В рамках политико-институциональной модели Королевского статута Мартинес предлагал либеральной буржуазии, по существу, следующую альтернативу. Либо (предпочтительный вариант) сплотиться вокруг «полуконституционной» монархии вообще и фигуры Марии Кристины в частности, то есть выступить пусть даже относительно единым фронтом против карлистов справа, которые изначально отвергали какие-либо социально-политические инновации Нового порядка, и прогрессистов слева.

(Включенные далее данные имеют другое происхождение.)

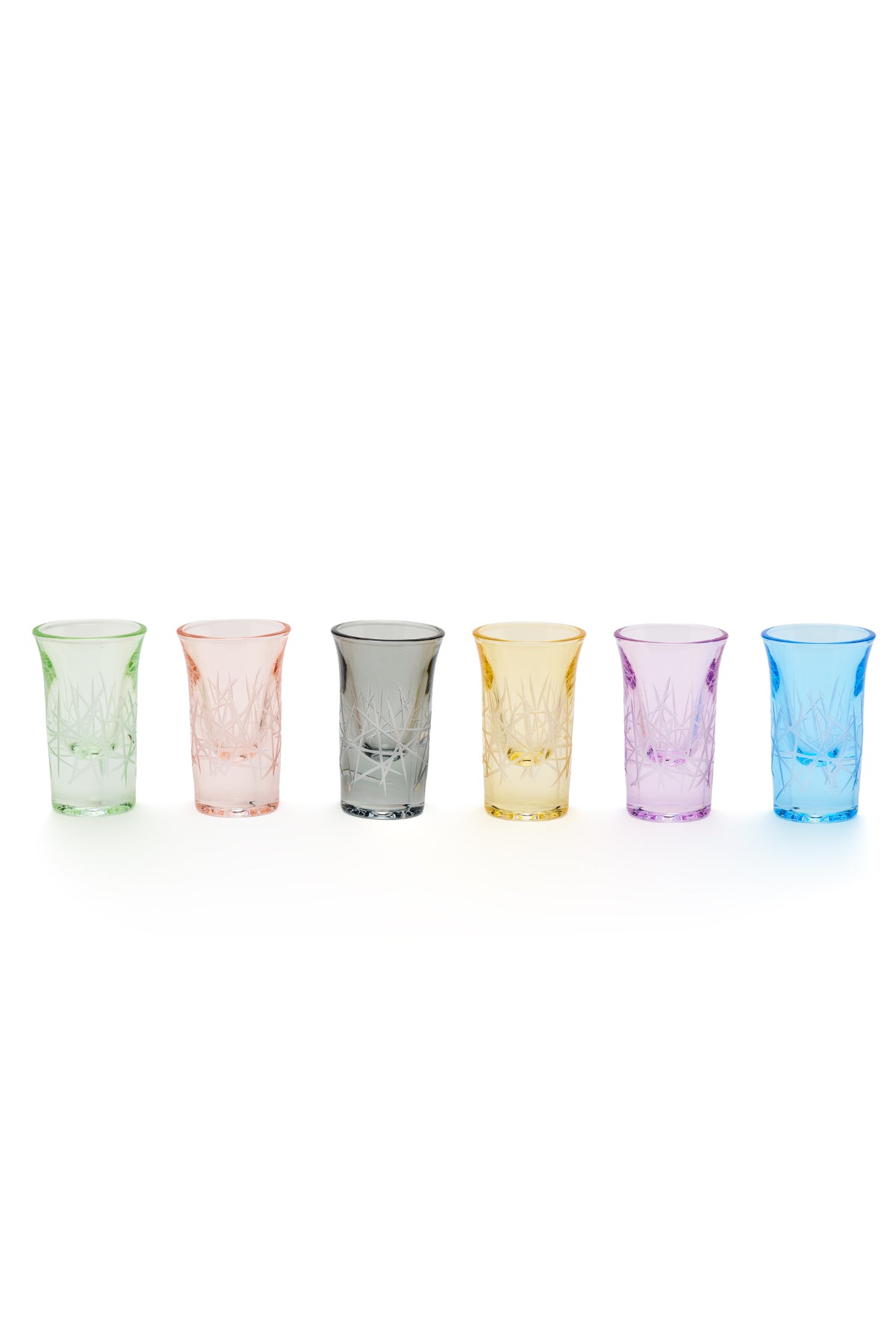 ELSA CRYSTAL Bohemia Alya Kahve Yanı Bardağı (6'lı Set)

Зная неоднозначную позицию испанской буржуазии в оценке наиболее предпочтительной модели политического развития, мы можем утверждать, что данная альтернатива лишь раскалывала социально-политическую опору Мартинеса как минимум на два лагеря: крупная и частично средняя уходила вправо, то есть в партию «модерадос», а мелкая и частично средняя - влево (в партию прогрессистов). При этом оптимисты из партии «модерадос», жаждущие, как пишет Бальмес, «столь демократического и уравнивающего духа века» (Balmes 1926Ь: 122), позаимствованного Мартинесом, с одной стороны, в Великобритании (Balmes 1926Ь: 122), а с другой - из «законов и обычаев других эпох» (Balmes 1926Ь: 89), могли надеяться на постепенную либерализацию политической системы в пока неопределенном будущем. Либо (вариант, абсолютно неприемлемый для Мартинеса как либерального консерватора) - для тех, кто не мог или не умел ждать, - полностью уйти в либерально-буржуазную революцию и, разрушив насильственными методами существующую политическую систему, постараться построить в Испании новую, пусть и неопределенно на тот момент, какую. В исторической перспективе оба крыла партии «модерадос» (и либерально-консервативное, и традиционалистское), а к концу XIX в. и отказавшиеся от прямого политического насилия умеренные карлисты (традиционалисты) выбрали первый вариант; прогрессисты же и выросшие на их основе к концу XIX в. социал-демократы - второй.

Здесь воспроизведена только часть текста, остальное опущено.